== INPUT
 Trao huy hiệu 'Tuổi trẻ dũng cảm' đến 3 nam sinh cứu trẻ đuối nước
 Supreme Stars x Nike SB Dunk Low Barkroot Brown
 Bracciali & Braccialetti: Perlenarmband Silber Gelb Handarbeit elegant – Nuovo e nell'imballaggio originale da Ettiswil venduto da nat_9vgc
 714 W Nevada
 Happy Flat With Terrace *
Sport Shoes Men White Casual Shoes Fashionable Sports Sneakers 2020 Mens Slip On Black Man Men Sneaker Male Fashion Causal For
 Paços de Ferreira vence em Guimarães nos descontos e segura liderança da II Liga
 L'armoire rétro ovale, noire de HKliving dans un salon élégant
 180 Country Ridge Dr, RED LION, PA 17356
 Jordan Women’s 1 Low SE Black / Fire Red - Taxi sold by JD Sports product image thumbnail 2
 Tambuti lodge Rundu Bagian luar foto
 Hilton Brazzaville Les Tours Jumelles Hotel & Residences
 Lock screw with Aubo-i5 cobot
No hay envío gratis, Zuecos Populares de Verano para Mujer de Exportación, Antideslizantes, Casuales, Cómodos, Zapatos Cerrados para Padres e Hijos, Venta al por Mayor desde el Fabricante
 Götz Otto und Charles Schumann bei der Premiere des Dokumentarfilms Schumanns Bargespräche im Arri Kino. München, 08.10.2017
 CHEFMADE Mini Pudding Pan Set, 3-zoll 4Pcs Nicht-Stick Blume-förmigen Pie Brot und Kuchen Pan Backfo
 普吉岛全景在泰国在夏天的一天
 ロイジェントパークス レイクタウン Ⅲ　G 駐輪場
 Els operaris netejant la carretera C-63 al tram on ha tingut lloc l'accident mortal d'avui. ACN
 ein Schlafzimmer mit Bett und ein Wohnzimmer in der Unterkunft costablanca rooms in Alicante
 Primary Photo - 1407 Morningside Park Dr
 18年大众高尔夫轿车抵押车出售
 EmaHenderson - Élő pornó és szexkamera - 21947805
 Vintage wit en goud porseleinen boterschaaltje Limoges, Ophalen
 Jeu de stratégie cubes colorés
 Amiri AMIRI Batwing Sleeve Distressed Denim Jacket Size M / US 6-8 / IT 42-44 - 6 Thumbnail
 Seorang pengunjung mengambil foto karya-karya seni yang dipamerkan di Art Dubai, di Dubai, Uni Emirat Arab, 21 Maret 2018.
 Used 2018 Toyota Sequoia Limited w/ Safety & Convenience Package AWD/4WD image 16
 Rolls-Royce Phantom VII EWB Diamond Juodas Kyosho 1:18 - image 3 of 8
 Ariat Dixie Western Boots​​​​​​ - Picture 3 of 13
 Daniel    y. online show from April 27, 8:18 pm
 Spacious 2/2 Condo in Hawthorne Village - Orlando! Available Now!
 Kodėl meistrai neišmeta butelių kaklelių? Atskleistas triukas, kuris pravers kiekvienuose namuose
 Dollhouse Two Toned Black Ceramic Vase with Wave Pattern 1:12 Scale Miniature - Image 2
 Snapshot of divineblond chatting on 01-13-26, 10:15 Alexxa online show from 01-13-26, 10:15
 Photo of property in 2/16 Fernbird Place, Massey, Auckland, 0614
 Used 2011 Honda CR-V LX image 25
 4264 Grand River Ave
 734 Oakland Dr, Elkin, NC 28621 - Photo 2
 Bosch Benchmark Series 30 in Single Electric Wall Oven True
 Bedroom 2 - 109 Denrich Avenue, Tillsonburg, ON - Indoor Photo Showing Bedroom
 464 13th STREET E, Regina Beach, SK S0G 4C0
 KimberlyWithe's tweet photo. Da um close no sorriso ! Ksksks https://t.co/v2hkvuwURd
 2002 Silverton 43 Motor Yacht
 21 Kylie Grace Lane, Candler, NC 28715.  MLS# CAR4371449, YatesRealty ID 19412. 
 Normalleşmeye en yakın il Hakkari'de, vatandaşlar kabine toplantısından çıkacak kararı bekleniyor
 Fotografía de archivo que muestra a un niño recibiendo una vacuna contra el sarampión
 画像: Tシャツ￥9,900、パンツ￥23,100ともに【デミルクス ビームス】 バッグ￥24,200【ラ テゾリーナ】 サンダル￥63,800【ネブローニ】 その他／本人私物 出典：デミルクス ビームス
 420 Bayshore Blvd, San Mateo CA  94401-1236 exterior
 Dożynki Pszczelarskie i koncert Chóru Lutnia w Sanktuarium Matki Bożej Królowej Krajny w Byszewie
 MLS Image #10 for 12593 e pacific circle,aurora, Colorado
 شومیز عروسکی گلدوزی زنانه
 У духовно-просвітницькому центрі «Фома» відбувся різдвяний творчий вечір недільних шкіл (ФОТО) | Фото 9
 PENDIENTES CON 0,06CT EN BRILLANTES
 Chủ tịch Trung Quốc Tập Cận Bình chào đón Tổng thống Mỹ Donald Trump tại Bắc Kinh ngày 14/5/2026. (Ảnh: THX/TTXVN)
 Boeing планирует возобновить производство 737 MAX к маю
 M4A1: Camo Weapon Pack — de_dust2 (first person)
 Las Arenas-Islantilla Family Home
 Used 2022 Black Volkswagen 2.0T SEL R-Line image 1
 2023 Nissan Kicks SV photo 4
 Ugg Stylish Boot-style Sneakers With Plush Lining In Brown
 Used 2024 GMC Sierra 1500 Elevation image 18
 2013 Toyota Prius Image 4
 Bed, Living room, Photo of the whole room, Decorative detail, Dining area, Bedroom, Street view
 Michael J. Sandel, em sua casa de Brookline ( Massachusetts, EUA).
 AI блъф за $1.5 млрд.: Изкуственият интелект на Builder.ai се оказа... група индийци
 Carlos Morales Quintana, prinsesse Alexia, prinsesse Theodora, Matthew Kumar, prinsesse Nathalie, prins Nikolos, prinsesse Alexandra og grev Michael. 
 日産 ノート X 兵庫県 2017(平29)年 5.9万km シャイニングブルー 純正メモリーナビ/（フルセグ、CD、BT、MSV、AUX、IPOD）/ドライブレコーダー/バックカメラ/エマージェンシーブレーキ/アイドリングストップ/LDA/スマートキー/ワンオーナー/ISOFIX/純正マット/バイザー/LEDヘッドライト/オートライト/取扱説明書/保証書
====
■ DIRECTIONS FOR THIS TASK ■
Write out again every entry above, exactly as given.

■ RESULT OF THIS EXERCISE ■
 Trao huy hiệu 'Tuổi trẻ dũng cảm' đến 3 nam sinh cứu trẻ đuối nước
 Supreme Stars x Nike SB Dunk Low Barkroot Brown
 Bracciali & Braccialetti: Perlenarmband Silber Gelb Handarbeit elegant – Nuovo e nell'imballaggio originale da Ettiswil venduto da nat_9vgc
 714 W Nevada
 Happy Flat With Terrace *
Sport Shoes Men White Casual Shoes Fashionable Sports Sneakers 2020 Mens Slip On Black Man Men Sneaker Male Fashion Causal For
 Paços de Ferreira vence em Guimarães nos descontos e segura liderança da II Liga
 L'armoire rétro ovale, noire de HKliving dans un salon élégant
 180 Country Ridge Dr, RED LION, PA 17356
 Jordan Women’s 1 Low SE Black / Fire Red - Taxi sold by JD Sports product image thumbnail 2
 Tambuti lodge Rundu Bagian luar foto
 Hilton Brazzaville Les Tours Jumelles Hotel & Residences
 Lock screw with Aubo-i5 cobot
No hay envío gratis, Zuecos Populares de Verano para Mujer de Exportación, Antideslizantes, Casuales, Cómodos, Zapatos Cerrados para Padres e Hijos, Venta al por Mayor desde el Fabricante
 Götz Otto und Charles Schumann bei der Premiere des Dokumentarfilms Schumanns Bargespräche im Arri Kino. München, 08.10.2017
 CHEFMADE Mini Pudding Pan Set, 3-zoll 4Pcs Nicht-Stick Blume-förmigen Pie Brot und Kuchen Pan Backfo
 普吉岛全景在泰国在夏天的一天
 ロイジェントパークス レイクタウン Ⅲ　G 駐輪場
 Els operaris netejant la carretera C-63 al tram on ha tingut lloc l'accident mortal d'avui. ACN
 ein Schlafzimmer mit Bett und ein Wohnzimmer in der Unterkunft costablanca rooms in Alicante
 Primary Photo - 1407 Morningside Park Dr
 18年大众高尔夫轿车抵押车出售
 EmaHenderson - Élő pornó és szexkamera - 21947805
 Vintage wit en goud porseleinen boterschaaltje Limoges, Ophalen
 Jeu de stratégie cubes colorés
 Amiri AMIRI Batwing Sleeve Distressed Denim Jacket Size M / US 6-8 / IT 42-44 - 6 Thumbnail
 Seorang pengunjung mengambil foto karya-karya seni yang dipamerkan di Art Dubai, di Dubai, Uni Emirat Arab, 21 Maret 2018.
 Used 2018 Toyota Sequoia Limited w/ Safety & Convenience Package AWD/4WD image 16
 Rolls-Royce Phantom VII EWB Diamond Juodas Kyosho 1:18 - image 3 of 8
 Ariat Dixie Western Boots​​​​​​ - Picture 3 of 13
 Daniel    y. online show from April 27, 8:18 pm
 Spacious 2/2 Condo in Hawthorne Village - Orlando! Available Now!
 Kodėl meistrai neišmeta butelių kaklelių? Atskleistas triukas, kuris pravers kiekvienuose namuose
 Dollhouse Two Toned Black Ceramic Vase with Wave Pattern 1:12 Scale Miniature - Image 2
 Snapshot of divineblond chatting on 01-13-26, 10:15 Alexxa online show from 01-13-26, 10:15
 Photo of property in 2/16 Fernbird Place, Massey, Auckland, 0614
 Used 2011 Honda CR-V LX image 25
 4264 Grand River Ave
 734 Oakland Dr, Elkin, NC 28621 - Photo 2
 Bosch Benchmark Series 30 in Single Electric Wall Oven True
 Bedroom 2 - 109 Denrich Avenue, Tillsonburg, ON - Indoor Photo Showing Bedroom
 464 13th STREET E, Regina Beach, SK S0G 4C0
 KimberlyWithe's tweet photo. Da um close no sorriso ! Ksksks https://t.co/v2hkvuwURd
 2002 Silverton 43 Motor Yacht
 21 Kylie Grace Lane, Candler, NC 28715.  MLS# CAR4371449, YatesRealty ID 19412. 
 Normalleşmeye en yakın il Hakkari'de, vatandaşlar kabine toplantısından çıkacak kararı bekleniyor
 Fotografía de archivo que muestra a un niño recibiendo una vacuna contra el sarampión
 画像: Tシャツ￥9,900、パンツ￥23,100ともに【デミルクス ビームス】 バッグ￥24,200【ラ テゾリーナ】 サンダル￥63,800【ネブローニ】 その他／本人私物 出典：デミルクス ビームス
 420 Bayshore Blvd, San Mateo CA  94401-1236 exterior
 Dożynki Pszczelarskie i koncert Chóru Lutnia w Sanktuarium Matki Bożej Królowej Krajny w Byszewie
 MLS Image #10 for 12593 e pacific circle,aurora, Colorado
 شومیز عروسکی گلدوزی زنانه
 У духовно-просвітницькому центрі «Фома» відбувся різдвяний творчий вечір недільних шкіл (ФОТО) | Фото 9
 PENDIENTES CON 0,06CT EN BRILLANTES
 Chủ tịch Trung Quốc Tập Cận Bình chào đón Tổng thống Mỹ Donald Trump tại Bắc Kinh ngày 14/5/2026. (Ảnh: THX/TTXVN)
 Boeing планирует возобновить производство 737 MAX к маю
 M4A1: Camo Weapon Pack — de_dust2 (first person)
 Las Arenas-Islantilla Family Home
 Used 2022 Black Volkswagen 2.0T SEL R-Line image 1
 2023 Nissan Kicks SV photo 4
 Ugg Stylish Boot-style Sneakers With Plush Lining In Brown
 Used 2024 GMC Sierra 1500 Elevation image 18
 2013 Toyota Prius Image 4
 Bed, Living room, Photo of the whole room, Decorative detail, Dining area, Bedroom, Street view
 Michael J. Sandel, em sua casa de Brookline ( Massachusetts, EUA).
 AI блъф за $1.5 млрд.: Изкуственият интелект на Builder.ai се оказа... група индийци
 Carlos Morales Quintana, prinsesse Alexia, prinsesse Theodora, Matthew Kumar, prinsesse Nathalie, prins Nikolos, prinsesse Alexandra og grev Michael. 
 日産 ノート X 兵庫県 2017(平29)年 5.9万km シャイニングブルー 純正メモリーナビ/（フルセグ、CD、BT、MSV、AUX、IPOD）/ドライブレコーダー/バックカメラ/エマージェンシーブレーキ/アイドリングストップ/LDA/スマートキー/ワンオーナー/ISOFIX/純正マット/バイザー/LEDヘッドライト/オートライト/取扱説明書/保証書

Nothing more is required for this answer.